### Work to be completed
Show every line from the data below that includes "ปภาพ".

[Source material]

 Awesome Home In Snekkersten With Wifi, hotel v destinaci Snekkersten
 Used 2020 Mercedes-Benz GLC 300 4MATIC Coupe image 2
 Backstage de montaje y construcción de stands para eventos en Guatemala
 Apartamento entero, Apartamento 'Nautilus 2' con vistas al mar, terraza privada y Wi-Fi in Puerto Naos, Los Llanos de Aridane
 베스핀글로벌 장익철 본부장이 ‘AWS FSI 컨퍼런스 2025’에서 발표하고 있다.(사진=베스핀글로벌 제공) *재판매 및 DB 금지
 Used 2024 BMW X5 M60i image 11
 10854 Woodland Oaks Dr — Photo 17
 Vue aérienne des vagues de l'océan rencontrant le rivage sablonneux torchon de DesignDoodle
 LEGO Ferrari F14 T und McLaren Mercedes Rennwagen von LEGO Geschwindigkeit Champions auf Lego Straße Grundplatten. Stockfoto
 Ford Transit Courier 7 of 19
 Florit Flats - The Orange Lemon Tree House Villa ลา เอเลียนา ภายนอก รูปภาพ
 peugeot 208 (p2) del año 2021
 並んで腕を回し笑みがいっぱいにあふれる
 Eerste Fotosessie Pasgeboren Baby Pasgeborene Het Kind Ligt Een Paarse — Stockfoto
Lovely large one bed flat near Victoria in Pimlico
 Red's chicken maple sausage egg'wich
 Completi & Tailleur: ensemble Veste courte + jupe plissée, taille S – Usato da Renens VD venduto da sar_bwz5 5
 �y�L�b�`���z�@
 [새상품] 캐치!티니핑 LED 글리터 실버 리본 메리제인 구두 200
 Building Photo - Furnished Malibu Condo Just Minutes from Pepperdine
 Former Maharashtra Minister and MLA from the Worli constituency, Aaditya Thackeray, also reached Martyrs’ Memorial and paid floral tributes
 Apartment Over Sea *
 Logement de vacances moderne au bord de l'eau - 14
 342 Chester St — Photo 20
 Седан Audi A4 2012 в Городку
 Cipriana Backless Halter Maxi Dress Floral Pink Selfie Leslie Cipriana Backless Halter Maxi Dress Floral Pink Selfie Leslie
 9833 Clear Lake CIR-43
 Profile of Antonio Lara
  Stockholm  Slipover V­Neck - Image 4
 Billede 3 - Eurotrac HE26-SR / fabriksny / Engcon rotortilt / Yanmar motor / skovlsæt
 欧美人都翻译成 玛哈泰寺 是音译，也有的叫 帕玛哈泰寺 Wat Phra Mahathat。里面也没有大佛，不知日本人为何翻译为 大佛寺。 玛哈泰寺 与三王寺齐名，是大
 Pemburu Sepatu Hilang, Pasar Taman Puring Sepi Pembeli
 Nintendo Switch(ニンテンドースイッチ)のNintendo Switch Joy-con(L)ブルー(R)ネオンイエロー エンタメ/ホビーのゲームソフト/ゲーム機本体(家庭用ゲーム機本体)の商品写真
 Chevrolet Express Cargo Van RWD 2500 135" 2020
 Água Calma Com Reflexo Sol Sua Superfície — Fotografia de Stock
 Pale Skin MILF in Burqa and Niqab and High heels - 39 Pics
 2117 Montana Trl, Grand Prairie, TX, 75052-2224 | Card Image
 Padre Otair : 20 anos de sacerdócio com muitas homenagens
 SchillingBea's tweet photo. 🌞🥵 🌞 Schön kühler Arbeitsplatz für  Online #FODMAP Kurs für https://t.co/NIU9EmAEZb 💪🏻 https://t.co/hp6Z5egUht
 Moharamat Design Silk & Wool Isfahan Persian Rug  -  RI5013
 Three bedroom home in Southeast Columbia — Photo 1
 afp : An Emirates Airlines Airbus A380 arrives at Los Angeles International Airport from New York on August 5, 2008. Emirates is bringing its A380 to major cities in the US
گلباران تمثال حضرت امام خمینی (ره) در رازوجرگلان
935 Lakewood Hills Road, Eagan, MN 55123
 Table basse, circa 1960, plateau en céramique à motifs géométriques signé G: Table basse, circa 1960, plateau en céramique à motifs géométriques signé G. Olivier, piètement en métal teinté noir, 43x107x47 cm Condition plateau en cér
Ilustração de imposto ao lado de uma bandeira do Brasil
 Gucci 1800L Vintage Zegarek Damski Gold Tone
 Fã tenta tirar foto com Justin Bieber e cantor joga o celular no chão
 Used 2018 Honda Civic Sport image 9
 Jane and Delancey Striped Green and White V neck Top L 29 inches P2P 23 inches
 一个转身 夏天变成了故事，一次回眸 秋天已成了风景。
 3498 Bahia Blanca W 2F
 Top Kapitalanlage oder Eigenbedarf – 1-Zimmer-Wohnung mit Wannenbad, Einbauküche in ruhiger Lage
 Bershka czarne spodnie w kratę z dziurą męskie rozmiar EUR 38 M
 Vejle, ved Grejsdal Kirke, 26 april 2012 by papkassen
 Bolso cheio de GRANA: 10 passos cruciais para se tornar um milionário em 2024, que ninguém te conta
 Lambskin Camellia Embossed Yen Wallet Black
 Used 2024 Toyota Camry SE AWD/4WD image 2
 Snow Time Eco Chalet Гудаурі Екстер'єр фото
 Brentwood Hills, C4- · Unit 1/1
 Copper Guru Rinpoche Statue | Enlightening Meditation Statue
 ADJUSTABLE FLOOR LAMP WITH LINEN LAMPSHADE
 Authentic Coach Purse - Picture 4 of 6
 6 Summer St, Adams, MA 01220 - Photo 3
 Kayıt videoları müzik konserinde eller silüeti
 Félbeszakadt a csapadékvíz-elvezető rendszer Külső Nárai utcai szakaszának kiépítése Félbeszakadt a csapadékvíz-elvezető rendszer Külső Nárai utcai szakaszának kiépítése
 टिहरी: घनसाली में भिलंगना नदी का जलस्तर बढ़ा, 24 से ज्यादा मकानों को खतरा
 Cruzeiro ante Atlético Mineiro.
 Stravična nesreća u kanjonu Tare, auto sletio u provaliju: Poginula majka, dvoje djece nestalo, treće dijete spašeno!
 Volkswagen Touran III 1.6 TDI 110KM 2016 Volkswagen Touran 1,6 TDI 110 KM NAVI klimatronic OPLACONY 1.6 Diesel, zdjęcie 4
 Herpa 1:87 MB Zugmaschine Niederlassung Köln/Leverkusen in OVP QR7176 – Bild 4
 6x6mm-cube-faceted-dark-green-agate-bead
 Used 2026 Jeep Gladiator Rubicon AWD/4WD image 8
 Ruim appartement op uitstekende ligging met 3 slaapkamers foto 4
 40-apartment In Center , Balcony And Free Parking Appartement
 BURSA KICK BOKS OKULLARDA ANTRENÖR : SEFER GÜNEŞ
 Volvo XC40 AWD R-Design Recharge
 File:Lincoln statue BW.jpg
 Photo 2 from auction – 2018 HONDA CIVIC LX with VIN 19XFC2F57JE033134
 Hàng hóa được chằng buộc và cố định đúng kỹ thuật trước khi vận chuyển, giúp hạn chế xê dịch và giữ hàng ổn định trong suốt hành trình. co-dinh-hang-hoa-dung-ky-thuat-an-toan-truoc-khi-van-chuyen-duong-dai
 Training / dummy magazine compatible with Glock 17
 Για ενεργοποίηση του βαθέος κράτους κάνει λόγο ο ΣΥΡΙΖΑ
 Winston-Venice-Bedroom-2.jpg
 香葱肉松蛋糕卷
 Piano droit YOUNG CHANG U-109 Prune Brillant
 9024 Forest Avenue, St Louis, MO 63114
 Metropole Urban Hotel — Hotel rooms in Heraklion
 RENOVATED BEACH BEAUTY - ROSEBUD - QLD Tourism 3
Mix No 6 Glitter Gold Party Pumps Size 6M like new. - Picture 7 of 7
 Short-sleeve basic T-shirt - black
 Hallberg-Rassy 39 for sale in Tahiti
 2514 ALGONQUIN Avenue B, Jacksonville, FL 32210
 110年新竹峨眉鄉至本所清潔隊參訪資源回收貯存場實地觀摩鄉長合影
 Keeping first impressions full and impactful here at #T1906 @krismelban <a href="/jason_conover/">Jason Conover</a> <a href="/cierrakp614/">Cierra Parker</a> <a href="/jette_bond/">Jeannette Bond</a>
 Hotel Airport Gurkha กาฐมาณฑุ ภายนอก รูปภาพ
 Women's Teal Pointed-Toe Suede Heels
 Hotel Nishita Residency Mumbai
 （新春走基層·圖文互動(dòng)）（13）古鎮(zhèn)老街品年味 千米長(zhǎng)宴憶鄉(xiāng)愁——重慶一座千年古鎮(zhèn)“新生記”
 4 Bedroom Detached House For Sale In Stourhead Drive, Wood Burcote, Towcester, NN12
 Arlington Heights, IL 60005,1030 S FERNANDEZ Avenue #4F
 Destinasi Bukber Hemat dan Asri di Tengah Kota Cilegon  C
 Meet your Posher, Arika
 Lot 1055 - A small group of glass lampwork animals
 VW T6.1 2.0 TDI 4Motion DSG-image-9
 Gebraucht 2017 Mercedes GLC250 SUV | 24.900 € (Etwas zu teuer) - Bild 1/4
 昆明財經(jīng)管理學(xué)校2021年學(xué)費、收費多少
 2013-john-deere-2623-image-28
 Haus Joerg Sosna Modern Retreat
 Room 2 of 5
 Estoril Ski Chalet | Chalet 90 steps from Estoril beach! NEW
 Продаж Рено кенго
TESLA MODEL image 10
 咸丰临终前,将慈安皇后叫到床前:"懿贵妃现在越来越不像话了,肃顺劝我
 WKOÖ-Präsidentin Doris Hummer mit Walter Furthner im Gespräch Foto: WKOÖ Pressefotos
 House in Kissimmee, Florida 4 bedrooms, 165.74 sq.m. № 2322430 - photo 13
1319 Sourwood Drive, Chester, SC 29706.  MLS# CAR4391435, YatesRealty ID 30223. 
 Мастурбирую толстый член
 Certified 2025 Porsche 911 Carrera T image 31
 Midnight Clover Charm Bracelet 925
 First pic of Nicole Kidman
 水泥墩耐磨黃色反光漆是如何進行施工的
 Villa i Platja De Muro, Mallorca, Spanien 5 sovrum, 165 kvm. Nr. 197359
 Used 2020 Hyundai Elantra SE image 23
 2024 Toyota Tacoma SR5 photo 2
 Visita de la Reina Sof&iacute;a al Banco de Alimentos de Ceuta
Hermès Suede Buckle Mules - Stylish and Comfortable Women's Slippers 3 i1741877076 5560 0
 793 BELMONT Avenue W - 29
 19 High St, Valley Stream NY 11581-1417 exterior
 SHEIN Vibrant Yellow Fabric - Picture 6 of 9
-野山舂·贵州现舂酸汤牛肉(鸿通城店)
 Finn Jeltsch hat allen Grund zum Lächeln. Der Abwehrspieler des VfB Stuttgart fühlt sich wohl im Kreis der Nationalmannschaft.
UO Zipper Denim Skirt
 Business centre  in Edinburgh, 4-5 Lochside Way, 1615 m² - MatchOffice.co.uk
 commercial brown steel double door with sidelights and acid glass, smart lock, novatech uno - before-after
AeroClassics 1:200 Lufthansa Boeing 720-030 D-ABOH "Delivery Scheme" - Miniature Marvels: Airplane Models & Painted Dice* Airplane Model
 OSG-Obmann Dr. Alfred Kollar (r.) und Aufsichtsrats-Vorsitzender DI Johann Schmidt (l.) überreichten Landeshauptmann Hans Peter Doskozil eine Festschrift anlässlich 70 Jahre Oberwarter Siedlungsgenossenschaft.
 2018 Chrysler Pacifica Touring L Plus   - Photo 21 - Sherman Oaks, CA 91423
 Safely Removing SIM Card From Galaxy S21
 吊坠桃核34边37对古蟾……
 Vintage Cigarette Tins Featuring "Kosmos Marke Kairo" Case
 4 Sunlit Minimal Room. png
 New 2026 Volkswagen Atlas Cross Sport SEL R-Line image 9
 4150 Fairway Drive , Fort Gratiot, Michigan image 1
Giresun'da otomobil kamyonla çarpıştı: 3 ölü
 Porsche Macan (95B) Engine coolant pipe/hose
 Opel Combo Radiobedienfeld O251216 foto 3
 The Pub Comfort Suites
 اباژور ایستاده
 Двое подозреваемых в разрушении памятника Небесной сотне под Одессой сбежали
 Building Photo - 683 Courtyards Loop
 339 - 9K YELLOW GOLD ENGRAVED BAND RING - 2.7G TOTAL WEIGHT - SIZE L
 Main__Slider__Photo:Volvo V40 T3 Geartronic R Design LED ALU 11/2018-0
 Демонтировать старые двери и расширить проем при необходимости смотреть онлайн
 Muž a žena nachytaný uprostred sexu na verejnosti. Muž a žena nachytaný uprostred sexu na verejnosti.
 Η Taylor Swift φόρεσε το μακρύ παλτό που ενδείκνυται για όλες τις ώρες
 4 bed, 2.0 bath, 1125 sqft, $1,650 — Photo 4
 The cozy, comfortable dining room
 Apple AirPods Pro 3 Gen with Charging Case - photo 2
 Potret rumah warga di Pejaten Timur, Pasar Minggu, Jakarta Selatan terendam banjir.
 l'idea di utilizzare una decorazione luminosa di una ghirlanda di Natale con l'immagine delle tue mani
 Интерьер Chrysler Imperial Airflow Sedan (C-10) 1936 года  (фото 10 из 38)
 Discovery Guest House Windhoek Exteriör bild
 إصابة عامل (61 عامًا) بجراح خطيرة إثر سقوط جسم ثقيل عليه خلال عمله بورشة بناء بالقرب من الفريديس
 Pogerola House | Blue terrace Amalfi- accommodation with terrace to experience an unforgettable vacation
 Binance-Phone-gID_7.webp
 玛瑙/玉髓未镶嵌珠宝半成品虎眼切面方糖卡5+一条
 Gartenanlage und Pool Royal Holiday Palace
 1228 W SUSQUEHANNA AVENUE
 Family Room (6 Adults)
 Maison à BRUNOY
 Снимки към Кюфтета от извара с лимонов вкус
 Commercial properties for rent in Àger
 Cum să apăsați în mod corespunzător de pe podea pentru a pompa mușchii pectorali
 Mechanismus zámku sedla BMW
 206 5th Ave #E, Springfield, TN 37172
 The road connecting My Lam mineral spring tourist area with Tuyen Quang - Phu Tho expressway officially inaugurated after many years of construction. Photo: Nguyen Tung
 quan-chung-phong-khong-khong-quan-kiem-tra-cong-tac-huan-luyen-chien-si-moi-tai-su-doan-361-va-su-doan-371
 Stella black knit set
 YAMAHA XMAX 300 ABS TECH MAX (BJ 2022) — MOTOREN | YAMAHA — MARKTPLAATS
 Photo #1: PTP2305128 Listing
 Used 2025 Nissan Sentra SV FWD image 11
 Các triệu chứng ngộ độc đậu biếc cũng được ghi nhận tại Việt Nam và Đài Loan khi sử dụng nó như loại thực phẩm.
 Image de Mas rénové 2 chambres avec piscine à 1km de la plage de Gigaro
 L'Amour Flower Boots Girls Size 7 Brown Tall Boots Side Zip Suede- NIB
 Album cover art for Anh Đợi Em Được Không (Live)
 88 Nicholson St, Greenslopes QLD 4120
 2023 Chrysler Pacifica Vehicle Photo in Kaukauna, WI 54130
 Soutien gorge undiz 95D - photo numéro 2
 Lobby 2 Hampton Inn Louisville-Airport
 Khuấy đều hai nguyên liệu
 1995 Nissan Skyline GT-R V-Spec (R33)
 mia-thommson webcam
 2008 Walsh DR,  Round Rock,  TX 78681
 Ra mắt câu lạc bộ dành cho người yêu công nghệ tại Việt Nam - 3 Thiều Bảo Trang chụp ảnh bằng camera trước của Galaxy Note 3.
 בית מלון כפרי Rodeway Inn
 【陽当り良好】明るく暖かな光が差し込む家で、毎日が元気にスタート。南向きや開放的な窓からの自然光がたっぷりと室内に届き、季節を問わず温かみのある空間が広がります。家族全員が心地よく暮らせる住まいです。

[/Source material]

### Expected answer
 Florit Flats - The Orange Lemon Tree House Villa ลา เอเลียนา ภายนอก รูปภาพ
 Hotel Airport Gurkha กาฐมาณฑุ ภายนอก รูปภาพ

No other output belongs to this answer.